That is a good idea. By the way I am in Northern NJ. We are getting more snow today, and had slush conditions yesterday, rain snow sleet, a nice mess in the driveway. The plows left huge round mounds at the driveway entrance.

But I have to say and take back some things; The 1st snow of the season was wet and heavy and the 524 iced up. But that was not the machines fault, but mine. I had put a new belt on, and it was not adjusted properly. I made adjustments after that 1st snow.

The paddles I put on the impeller are stiff ( stiff layers of tread mill belt glued together into 1 solid paddle). So yesterday, I was pleasantly suprised as it threw the slush with no problem, ya was my expression.

I am 6'2" and I wish the bars were a little higher, boy it's a heavy machine, but I am pleased.


----------



## SnowG (Dec 5, 2014)

That plow idea is good but for special conditions; maybe 2" or less powder or very wet slush. I'm in SW CT and yesterday I cleared 2-3" of slush that was actually pretty easy for the Honda HS928 to throw far. The trick was to move fairly fast so the slush would fill and load up the impeller. Had no trouble with it. 

For really light powder <2" and slush I own a 30" plastic "pusher" style shovel that's the best tool for the job.
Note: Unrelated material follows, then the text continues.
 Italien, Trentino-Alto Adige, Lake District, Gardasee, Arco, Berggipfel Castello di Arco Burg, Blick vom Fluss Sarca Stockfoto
Would go even wider for powder, but not for slush (heavy). If you get one of these I recommend you get one that has the ends turned so it doesn't spill as much out the sides. For a wider area you can push the snow/slush into long piles that you can clear with the snow thrower. 

They sell pusher style shovels that you might be able to adapt into a plow for your snow thrower -- search the web for "snow pusher" and you'll come up with a bunch of styles.


----------



## silwan (Feb 25, 2014)

SnowG said:


> That plow idea is good but for special conditions; maybe 2" or less powder or very wet slush. I'm in SW CT and yesterday I cleared 2-3" of slush that was actually pretty easy for the Honda HS928 to throw far. The trick was to move fairly fast so the slush would fill and load up the impeller. Had no trouble with it.
> 
> For really light powder <2" and slush I own a 30" plastic "pusher" style shovel that's the best tool for the job. Would go even wider for powder, but not for slush (heavy). If you get one of these I recommend you get one that has the ends turned so it doesn't spill as much out the sides. For a wider area you can push the snow/slush into long piles that you can clear with the snow thrower.
> 
> They sell pusher style shovels that you might be able to adapt into a plow for your snow thrower -- search the web for "snow pusher" and you'll come up with a bunch of styles.


Thanks for that. Gonna look them up


----------